**What you need to do**
Retype word for word the stretch of entries below from the line that has "2017 Infiniti Q60" through the line that has "Silver Used 2024", and omit the pictures.

**Records for the task**
>>>>>
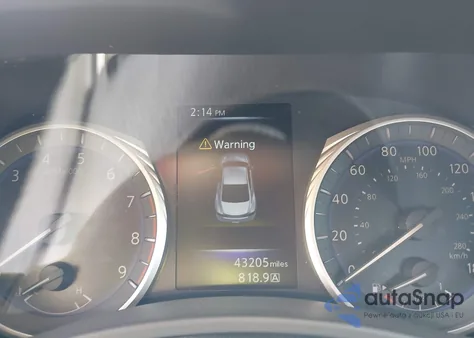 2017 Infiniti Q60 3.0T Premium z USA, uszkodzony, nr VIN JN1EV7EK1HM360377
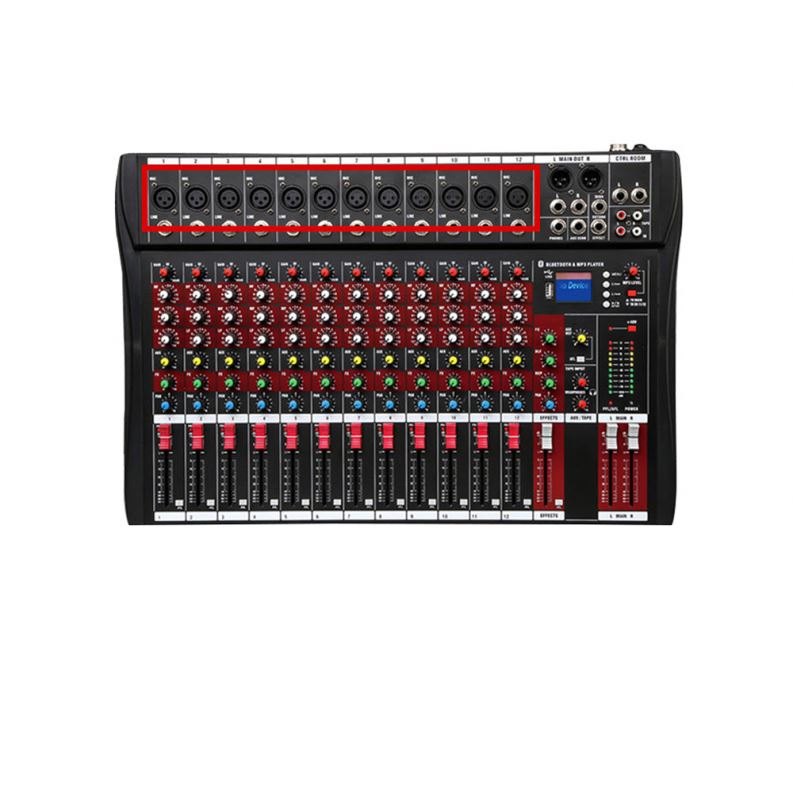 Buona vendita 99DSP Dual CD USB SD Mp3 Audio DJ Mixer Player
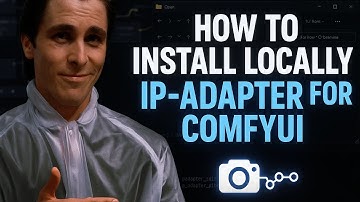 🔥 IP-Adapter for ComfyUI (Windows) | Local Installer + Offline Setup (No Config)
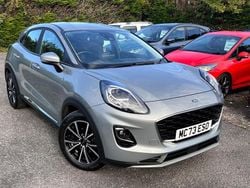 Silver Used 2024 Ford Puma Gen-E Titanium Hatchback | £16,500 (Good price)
<<<<<
>>>>>
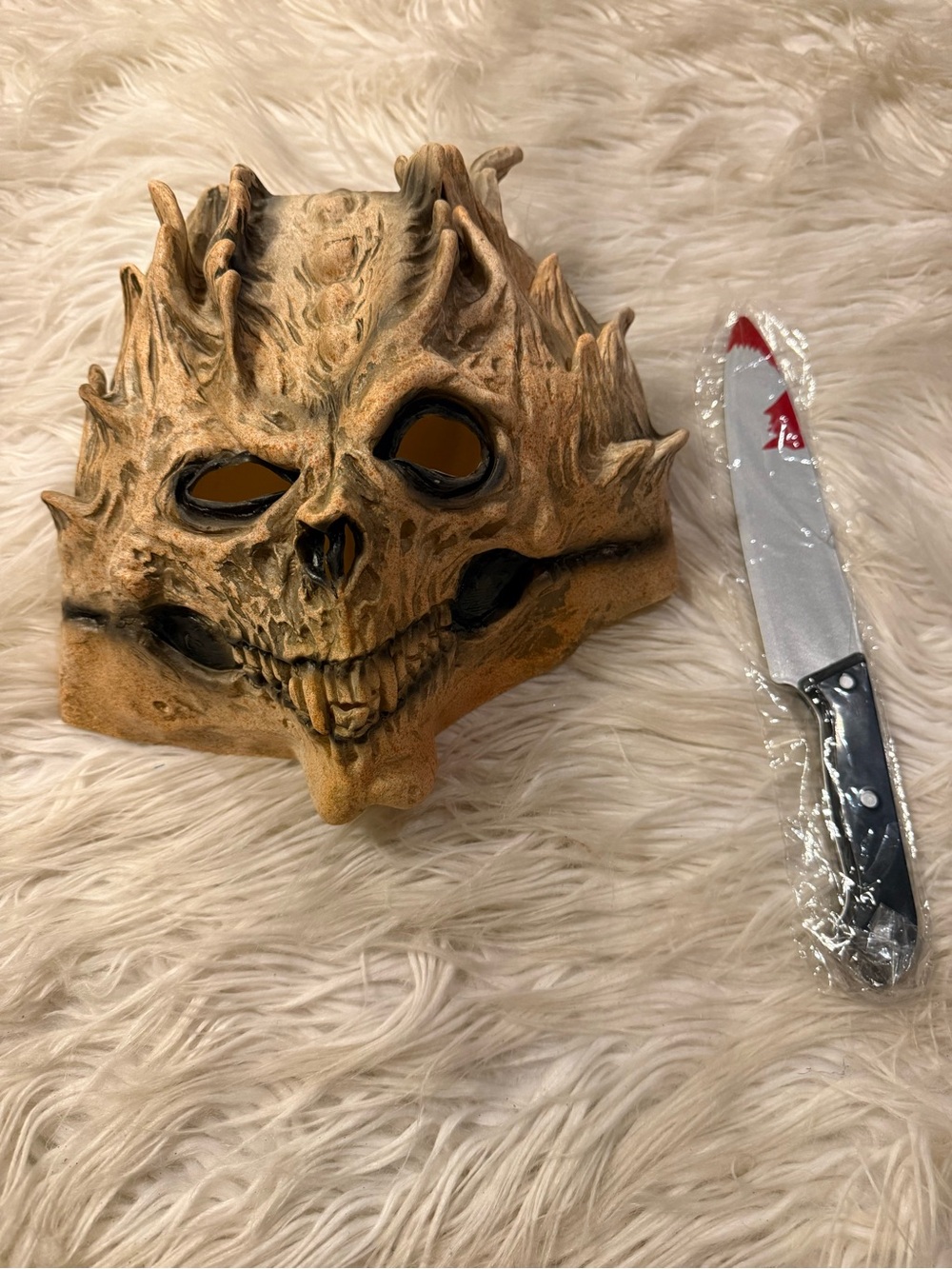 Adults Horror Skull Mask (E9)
<<<<<
>>>>>
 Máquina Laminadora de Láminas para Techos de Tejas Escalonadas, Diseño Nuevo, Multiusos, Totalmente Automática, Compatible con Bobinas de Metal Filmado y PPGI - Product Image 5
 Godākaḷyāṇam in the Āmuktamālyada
<<<<<
**Solution for this task**
 2017 Infiniti Q60 3.0T Premium z USA, uszkodzony, nr VIN JN1EV7EK1HM360377
 Buona vendita 99DSP Dual CD USB SD Mp3 Audio DJ Mixer Player
 🔥 IP-Adapter for ComfyUI (Windows) | Local Installer + Offline Setup (No Config)
 Silver Used 2024 Ford Puma Gen-E Titanium Hatchback | £16,500 (Good price)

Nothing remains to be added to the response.